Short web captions
───
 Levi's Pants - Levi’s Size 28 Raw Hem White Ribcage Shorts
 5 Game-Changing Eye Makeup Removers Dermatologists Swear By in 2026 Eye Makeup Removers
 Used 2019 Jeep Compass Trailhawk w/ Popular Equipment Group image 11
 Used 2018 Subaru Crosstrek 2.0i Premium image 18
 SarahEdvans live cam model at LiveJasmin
───
Aim of the task:
Repeat the records above exactly as they appear.

Written response:
 Levi's Pants - Levi’s Size 28 Raw Hem White Ribcage Shorts
 5 Game-Changing Eye Makeup Removers Dermatologists Swear By in 2026 Eye Makeup Removers
 Used 2019 Jeep Compass Trailhawk w/ Popular Equipment Group image 11
 Used 2018 Subaru Crosstrek 2.0i Premium image 18
 SarahEdvans live cam model at LiveJasmin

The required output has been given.